▶ _What to work on_
Reproduce exactly the lines of the material beneath, from the line that contains "East Penn 31136" to the line that contains "Bleach (2001) - Capítulo", both included, and no other lines.

▶ _Entries provided_
*-*-*

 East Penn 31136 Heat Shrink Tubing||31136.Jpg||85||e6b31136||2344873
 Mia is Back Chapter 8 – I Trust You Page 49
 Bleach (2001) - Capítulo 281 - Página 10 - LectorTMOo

*-*-*

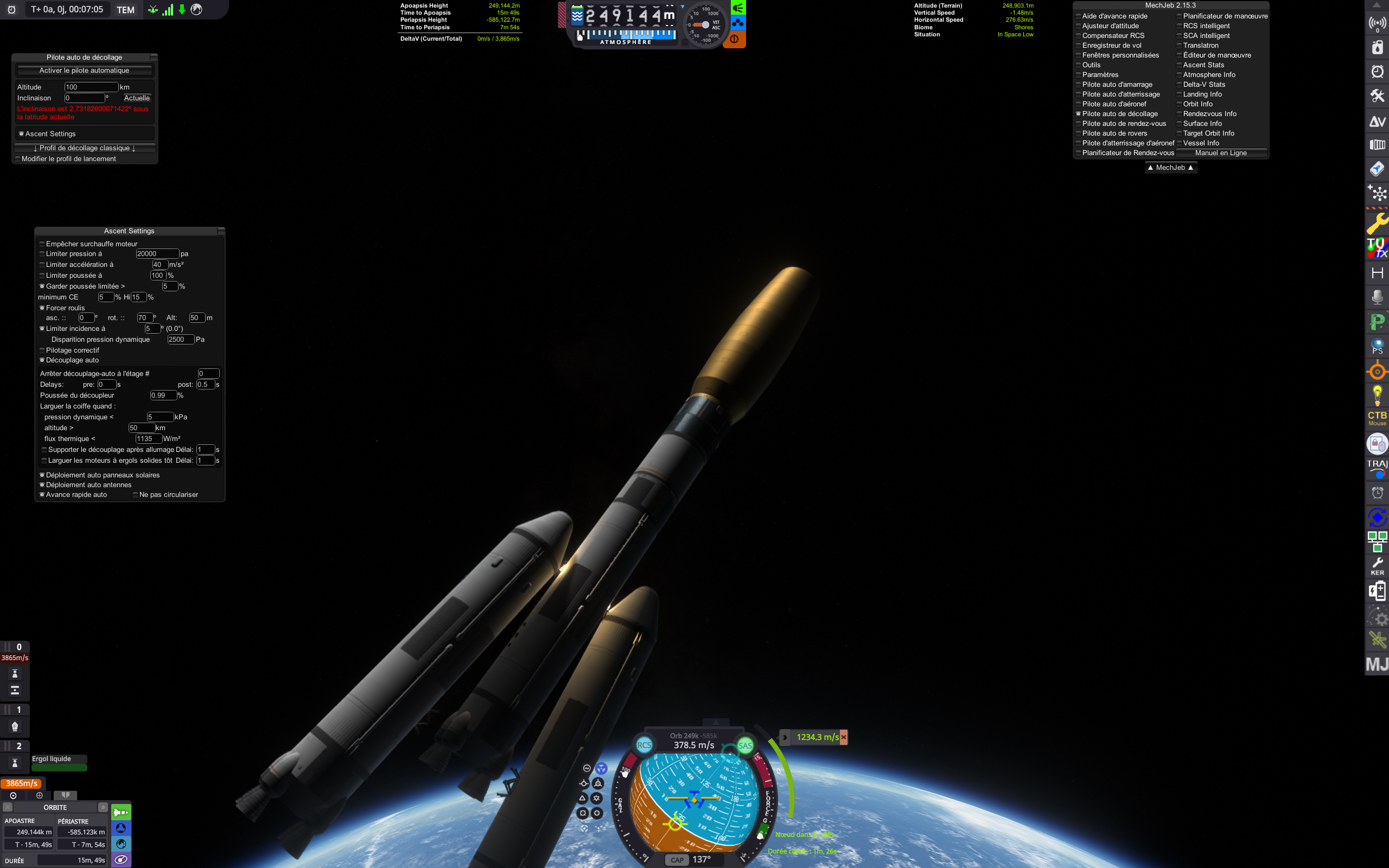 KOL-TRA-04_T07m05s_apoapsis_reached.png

*-*-*

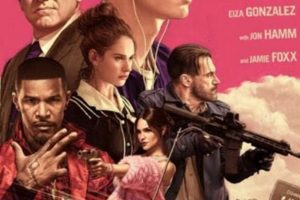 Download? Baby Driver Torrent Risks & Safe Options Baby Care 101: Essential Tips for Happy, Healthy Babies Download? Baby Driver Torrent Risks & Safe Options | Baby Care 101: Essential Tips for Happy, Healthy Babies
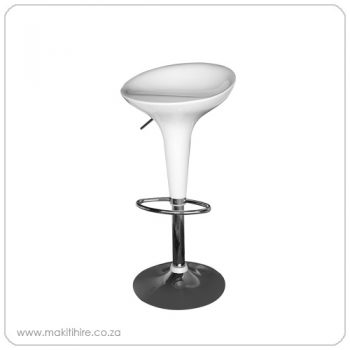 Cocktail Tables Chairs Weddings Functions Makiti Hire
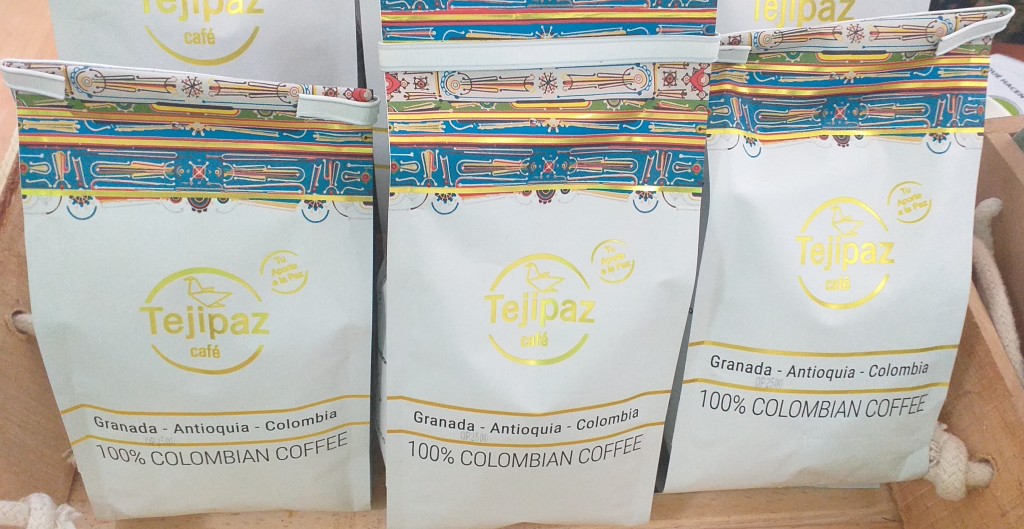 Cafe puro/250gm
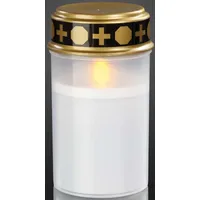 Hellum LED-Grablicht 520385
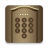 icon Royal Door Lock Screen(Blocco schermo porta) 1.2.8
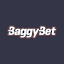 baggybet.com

*-*-*

▶ _Answer to this task_
 East Penn 31136 Heat Shrink Tubing||31136.Jpg||85||e6b31136||2344873
 Mia is Back Chapter 8 – I Trust You Page 49
 Bleach (2001) - Capítulo 281 - Página 10 - LectorTMOo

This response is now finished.